We study ObjectGoal Navigation -- where a virtual robot situated in a new environment is asked to navigate to an object. Prior work has shown that imitation learning (IL) using behavior cloning (BC) on a dataset of human demonstrations achieves promising results. However, this has limitations -- 1) BC policies generalize poorly to new states, since the training mimics actions not their consequences, and 2) collecting demonstrations is expensive. On the other hand, reinforcement learning (RL) is trivially scalable, but requires careful reward engineering to achieve desirable behavior. We present PIRLNav, a two-stage learning scheme for BC pretraining on human demonstrations followed by RL-finetuning. This leads to a policy that achieves a success rate of $65.0\%$ on ObjectNav ($+5.0\%$ absolute over previous state-of-the-art). Using this BC$\rightarrow$RL training recipe, we present a rigorous empirical analysis of design choices. First, we investigate whether human demonstrations can be replaced with `free' (automatically generated) sources of demonstrations, e.g. shortest paths (SP) or task-agnostic frontier exploration (FE) trajectories. We find that BC$\rightarrow$RL on human demonstrations outperforms BC$\rightarrow$RL on SP and FE trajectories, even when controlled for same BC-pretraining success on train, and even on a subset of val episodes where BC-pretraining success favors the SP or FE policies.

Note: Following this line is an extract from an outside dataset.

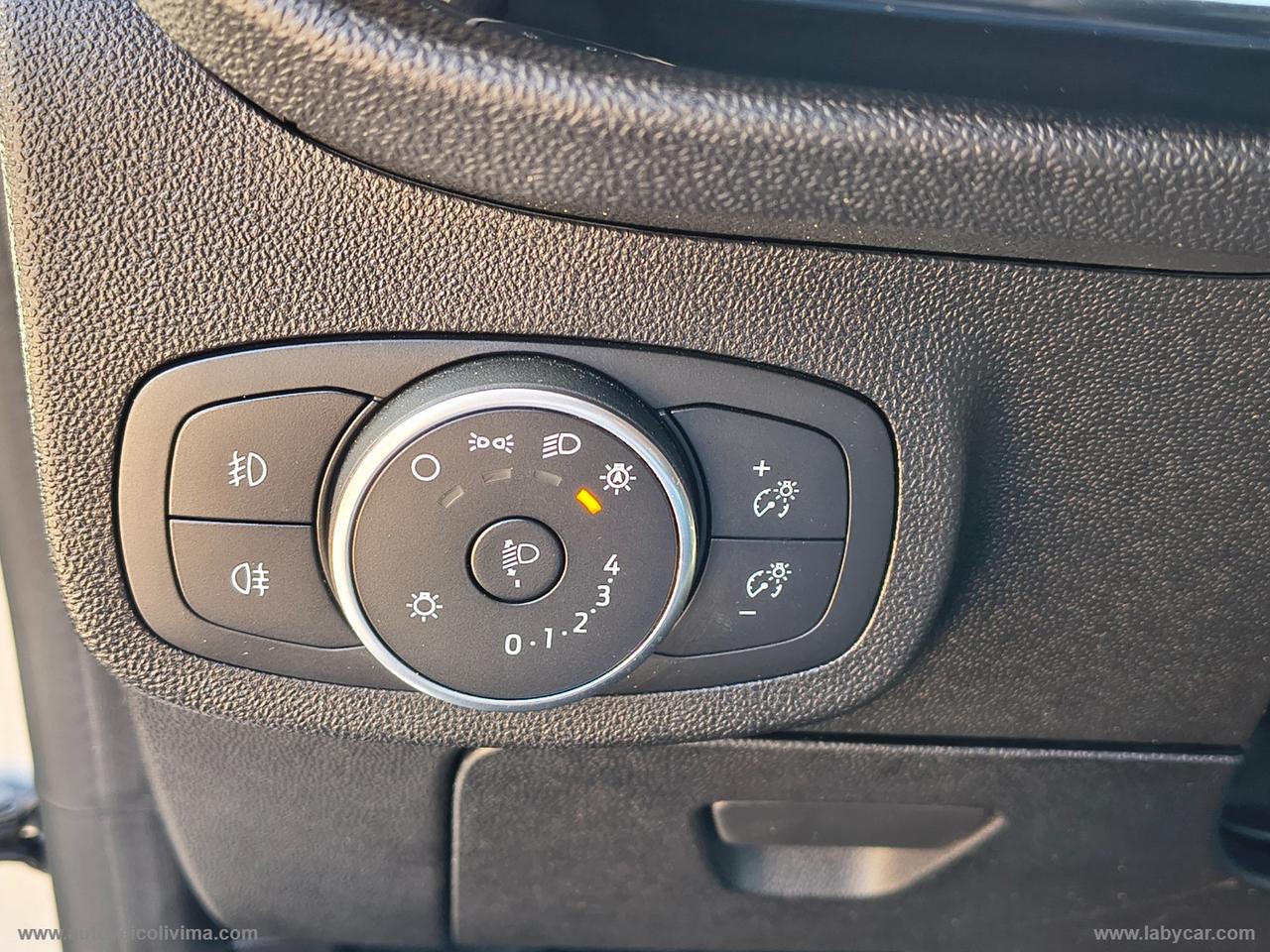 FORD Fiesta 1.1 75 CV GPL 5p. Plus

Next, we study how RL-finetuning performance scales with the size of the BC pretraining dataset. We find that as we increase the size of BC-pretraining dataset and get to high BC accuracies, improvements from RL-finetuning are smaller, and that $90\%$ of the performance of our best BC$\rightarrow$RL policy can be achieved with less than half the number of BC demonstrations. Finally, we analyze failure modes of our ObjectNav policies, and present guidelines for further improving them.

翻译：我们研究目标导向导航问题——虚拟机器人需在新环境中导航至指定物体。先前研究表明，基于人类演示数据集的行为克隆（BC）方法可实现良好效果。然而该方法存在局限性：1）BC策略因仅模仿动作而非其后果，导致对新状态的泛化能力差；2）收集演示成本高昂。另一方面，强化学习（RL）虽具备天然可扩展性，但需要精心设计奖励函数才能获得理想行为。我们提出PIRLNav两阶段学习方案：先对人类演示进行行为克隆预训练，再通过强化学习微调。该策略在目标导航任务中实现$65.0\%$的成功率（较先前最优方法绝对提升$5.0\%$）。基于BC→RL训练范式，我们对设计选择展开严格实证分析。首先探究人类演示是否可被"免费"（自动生成）演示替代，例如最短路径（SP）或任务无关前沿探索（FE）轨迹。研究发现，即使控制相同BC预训练成功率，甚至在BC预训练成功率有利于SP/FE策略的验证子集上，基于人类演示的BC→RL方法仍优于SP和FE轨迹。其次研究RL微调性能如何随BC预训练数据集规模变化。我们发现，当增大BC预训练数据集规模并达到较高BC准确率时，RL微调带来的性能提升幅度减小，且最佳BC→RL策略的$90\%$性能可通过不到一半数量的BC演示实现。最后分析目标导航策略的失败模式，并提出进一步优化的指导原则。